Volontè is accused of accepting €2.39m in bribes from Azerbaijan in exchange for supporting its government in the Council of Europe. He faces a trial for money laundering, and Milan’s public prosecutor is appealing a decision to drop a corruption charge against him. He has always denied any wrongdoing.

Although one fifth of MPs at the Council of Europe called for an urgent inquiry in January, assembly leaders failed to take a decision at their last meeting in March.

Pressure is building on the assembly president, Pedro Agramunt, to ensure that a robust investigation is set up when it meets later this month.

Agramunt, a Spanish centre-right politician, is already facing criticism for meeting the Syrian president, Bashar al-Asssad, on a Syria visit organised by the Russian government. He was accompanied by Leonid Slutsky, the head of the Russian parliament’s foreign affairs committee, as well as MPs from Belgium, Italy and Serbia, according to Russian media.

Members of the assembly believe the trip, which came two weeks before chemical attacks near Idlib, could tarnish the credibility of the Council of Europe as a human rights defender. The Socialist group has declared itself “extremely concerned and worried” and the head of the French delegation has made an official complaint.

Critics say Azerbaijan uses the assembly to add a veneer of legitimacy to the authoritarian rule of its president, Ilham Aliyev, who has ruled the country since 2003.

One case concerns the decision of assembly members in 2013 to vote down a critical report on political prisoners in Azerbaijan by German social democrat Christoph Strässer. The Strässer report concluded that Azerbaijan’s judicial system was used to silence or intimidate critics of the Aliyev regime and was rejected by 125 votes to 79 with 20 abstentions.

Volontè is alleged to have played a key role in orchestrating the defeat with payments to him channelled through a company with a connection to Azerbaijan’s ruling family, according to a recent report by the investigative journalist Khadija Ismayilova, published by the Organized Crime and Corruption Reporting Project.

Strӓsser said he knew Azerbaijan was giving out money but had no proof votes were bought. He said he wanted to see an investigation “as a point of credibility”.

“If there is any suspicion that there could be corruption within these structures and this was ignored, I think it might be the end of the Council of Europe.”

Thorbjørn Jagland, the former Norwegian prime minister and CoE secretary general, has urged Agramunt to personally ensure “an independent external investigation body without any further delay” – an unprecedented appeal from an official to the Council of Europe’s most senior elected leader.

Billström said it would be inconceivable for the Council of Europe to turn down a request for an independent investigation when it faces “so many serious allegations... which concern the ability of the parliamentary assembly to function as it was intended, as a watchdog against corruption.”
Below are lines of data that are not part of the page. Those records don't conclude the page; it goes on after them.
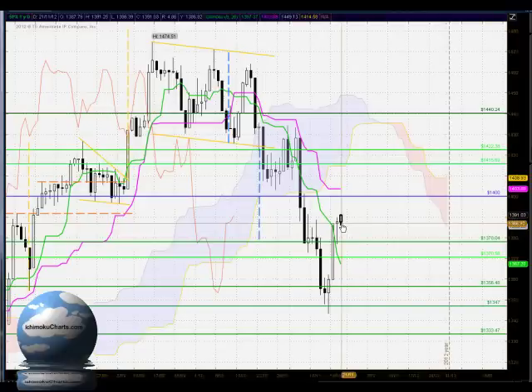Hello everyone, welcome to the IchimokuCharts.com daily analysis for the S&P 500 for Wednesday, November 21, 2012.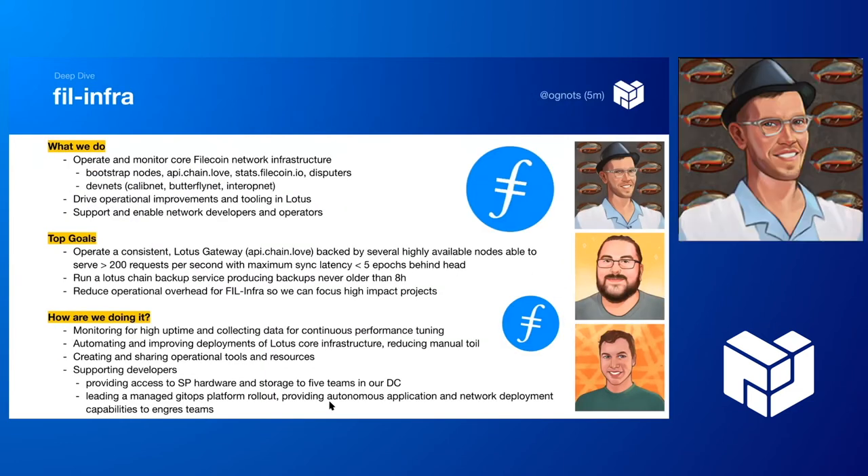The Fire team operates and monitors core Filecoin network infrastructure: bootstrap nodes, API, chain.love, stats dashboard, and disputers. We're also a core part of running devnets such as calibration net, butterfly net, and interop net. We drive operational improvements and tooling in Lotus, and we support and enable network developers and operators.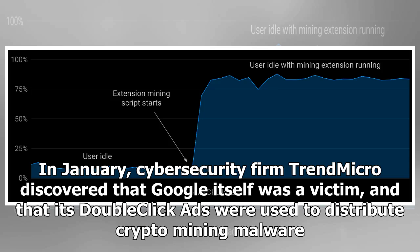In January, cybersecurity firm Trend Micro discovered that Google itself was a victim, and that its DoubleClick ads were used to distribute cryptomining malware.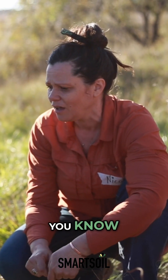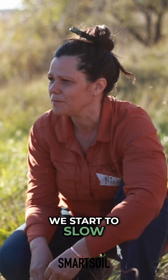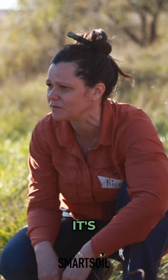It's just mind-blowing. I think this is a blueprint for many others in terms of how do we start to slow landscapes, how to slow that water down. Yeah, it's just fascinating.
He urged MPs in the assembly to endorse “very good” proposals drawn up by its most senior official, Wojciech Sawicki, setting out the terms for an independent inquiry.

A spokesman for Agramunt said a revised version of the Sawicki report was being prepared by leaders of the five political groups in the assembly and the report in its current form “was not applicable”.

“Mr Agramunt has not participated in any deliberation with the political leaders and will not interfere with their work,” the spokesperson said, adding that the assembly had “no legal authority to conduct such investigations”.

“Mr Agramunt will not tolerate unacceptable pressures on MPs’ work that come from some NGOs, lobbies, the media or interest groups.”